## Collected data
######
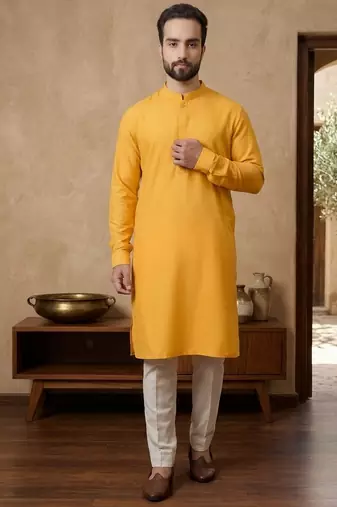 Elegant mustard yellow cotton men's kurta with cream pants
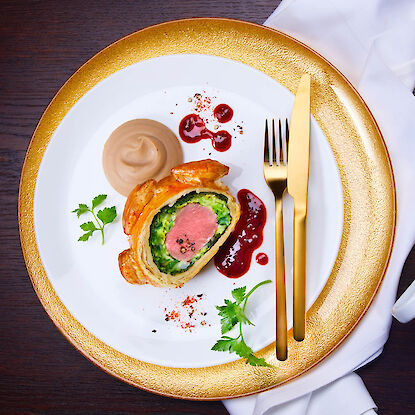 Plat élégant sur une assiette blanche à bord doré, composé d'un morceau de filet Wellington avec des légumes verts, une sauce crémeuse brune, une touche de sauce aux fruits rouges et des herbes fraîches. Des couverts en métal doré sont placés à droite du plat sur une serviette en tissu blanche sur une table en bois foncé.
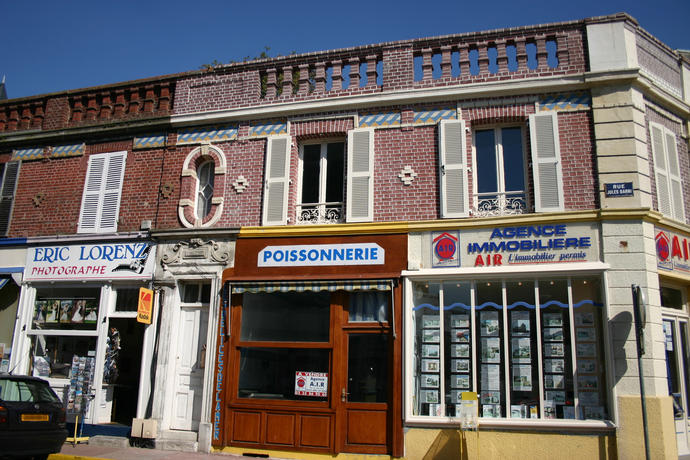 devantures de boutiques ; enseignes professionnelles ; RDC enduit ; 1er étage brique ; frise de carreaux de céramique ; balustrade.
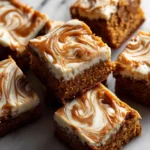 A close-up of several moist pumpkin bars with a thick layer of cream cheese frosting and a caramel swirl, stacked on a white marble surface.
######
## Task goal
Apart from the pictures, every line above must be printed exactly.

## Result
 Elegant mustard yellow cotton men's kurta with cream pants
 Plat élégant sur une assiette blanche à bord doré, composé d'un morceau de filet Wellington avec des légumes verts, une sauce crémeuse brune, une touche de sauce aux fruits rouges et des herbes fraîches. Des couverts en métal doré sont placés à droite du plat sur une serviette en tissu blanche sur une table en bois foncé.
 devantures de boutiques ; enseignes professionnelles ; RDC enduit ; 1er étage brique ; frise de carreaux de céramique ; balustrade.
 A close-up of several moist pumpkin bars with a thick layer of cream cheese frosting and a caramel swirl, stacked on a white marble surface.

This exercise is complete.